#### RAW DATA ####
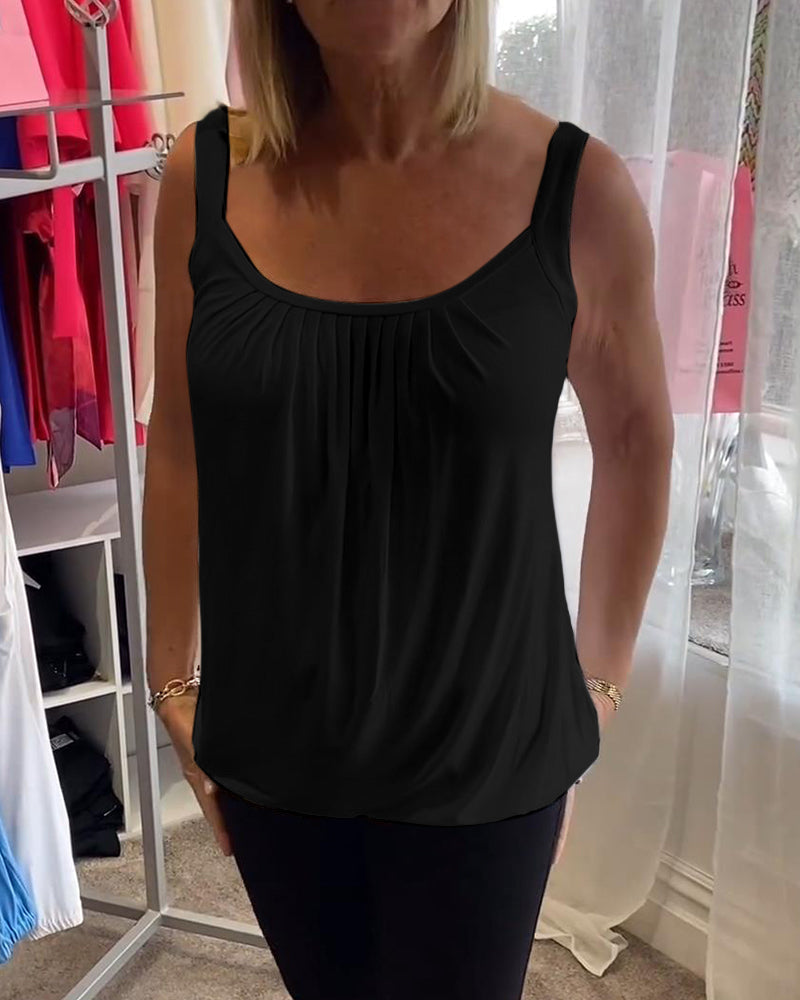 Casual sleeveless top with pleats and solid color
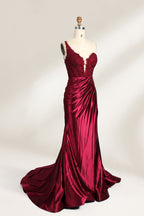 A mannequin displays a teal satin gown. It features a deep V - neckline with lace embroidery on the bodice, a ruched skirt, and a mermaid silhouette. The elegant details and shiny fabric create a glamorous look, perfect for formal events like proms or galas.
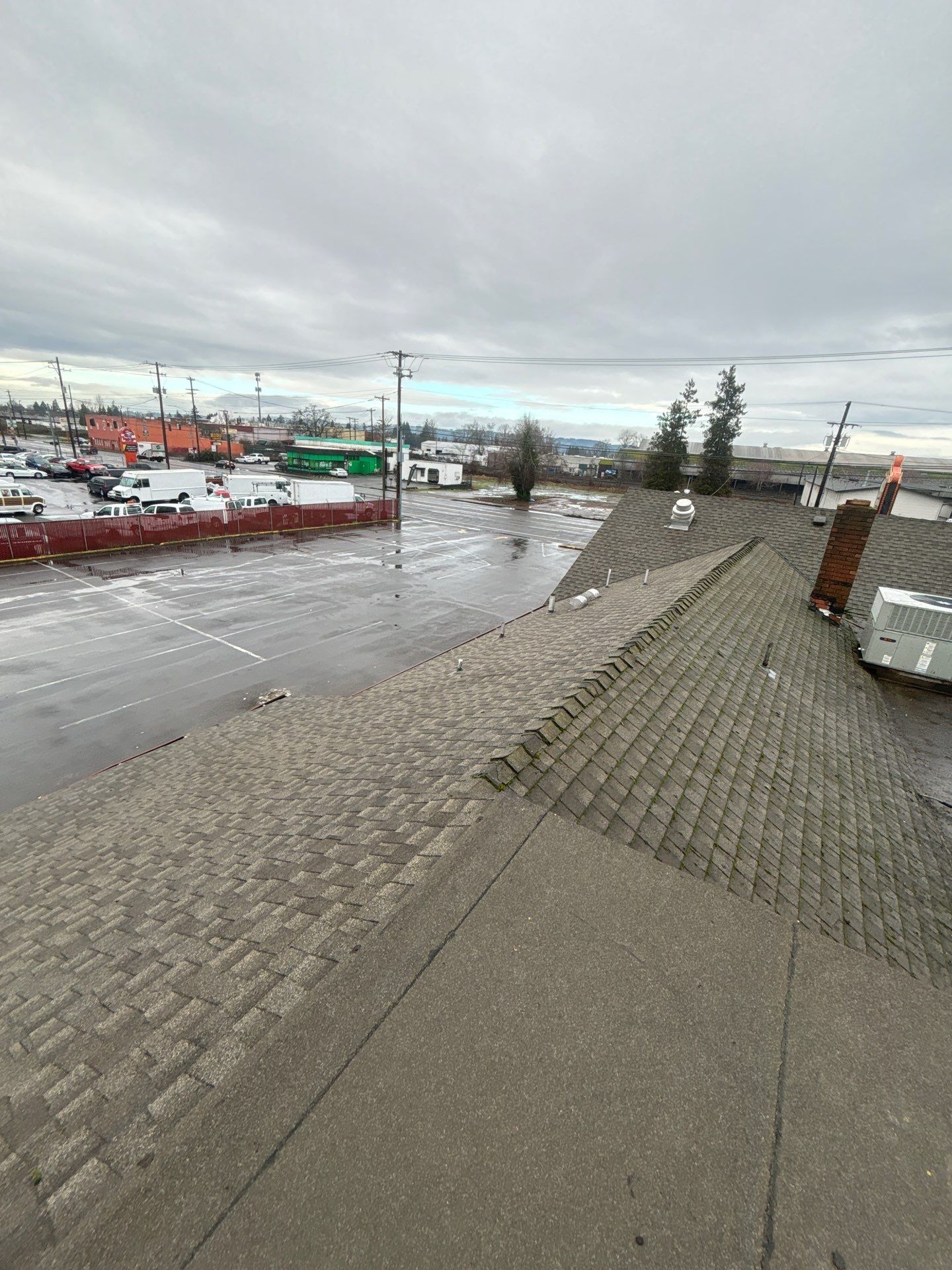 Summit Grey Lum Yun Salem Oregon Commercial Roof by Orezona Building & Roofing Company, Inc.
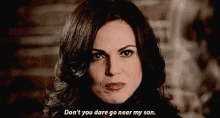 a woman is looking at the camera and saying `` don 't you dare go near my son '' .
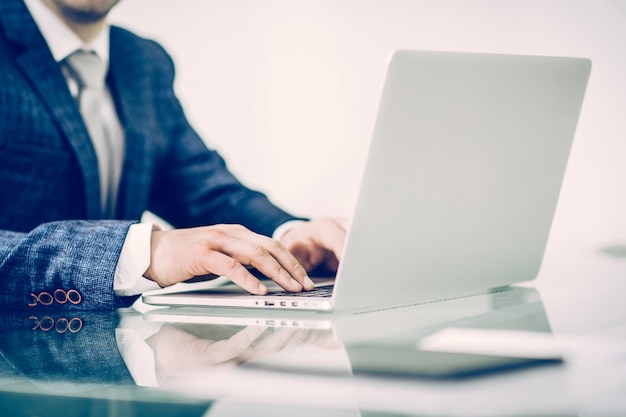 Foto un exitoso hombre de negocios que trabaja en la computadora portátil en el lugar de trabajo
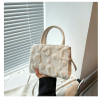 去除图片英文字母 (16) Stylish plush women's shoulder bag with a premium feel; doubles as a versatile crossbody bag
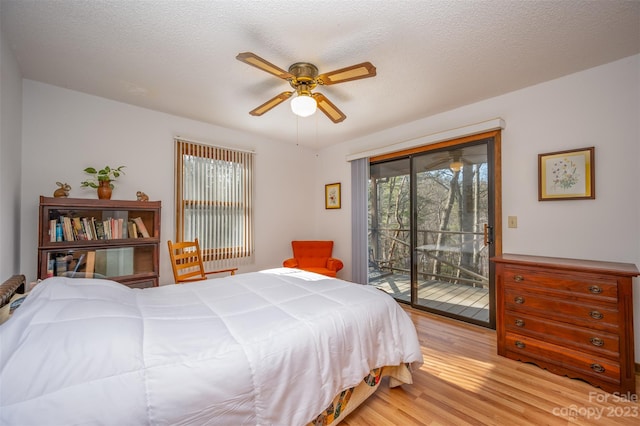 bedroom featuring a textured ceiling, ceiling fan, access to outside, and light wood-type flooring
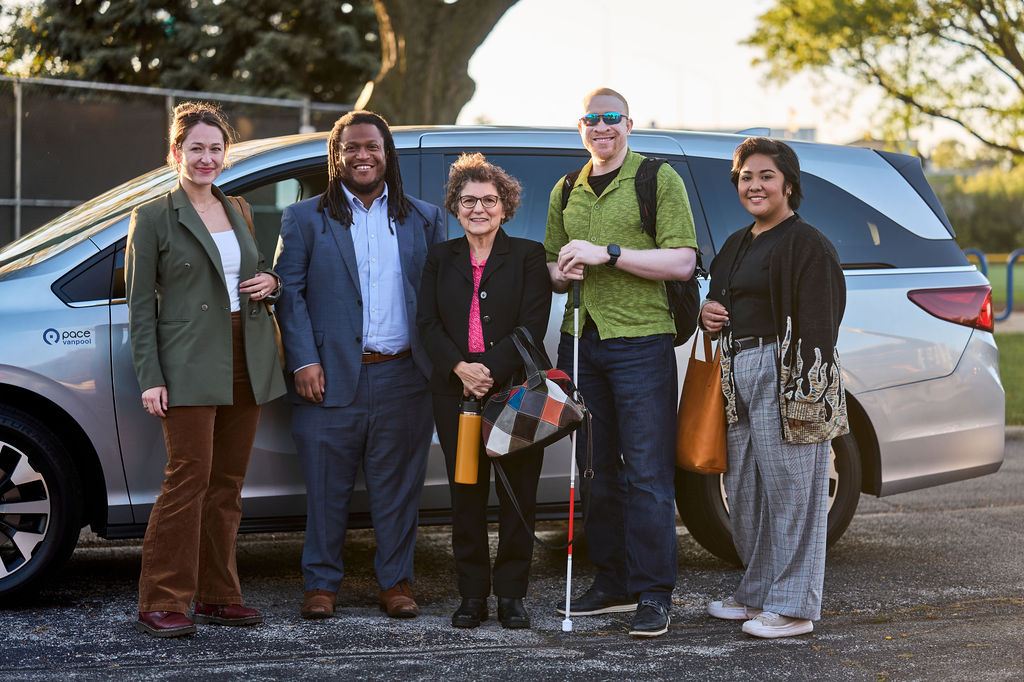 Image shows a group standing in front of Pace van. Grab a few of your friends and commute in comfort too.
####
ASSIGNED TASK ▸
Pictures stay out. Print the data exactly, from its first line through the line containing "A mannequin displays".

ANSWER FOR THIS EXERCISE ▸
 Casual sleeveless top with pleats and solid color
 A mannequin displays a teal satin gown. It features a deep V - neckline with lace embroidery on the bodice, a ruched skirt, and a mermaid silhouette. The elegant details and shiny fabric create a glamorous look, perfect for formal events like proms or galas.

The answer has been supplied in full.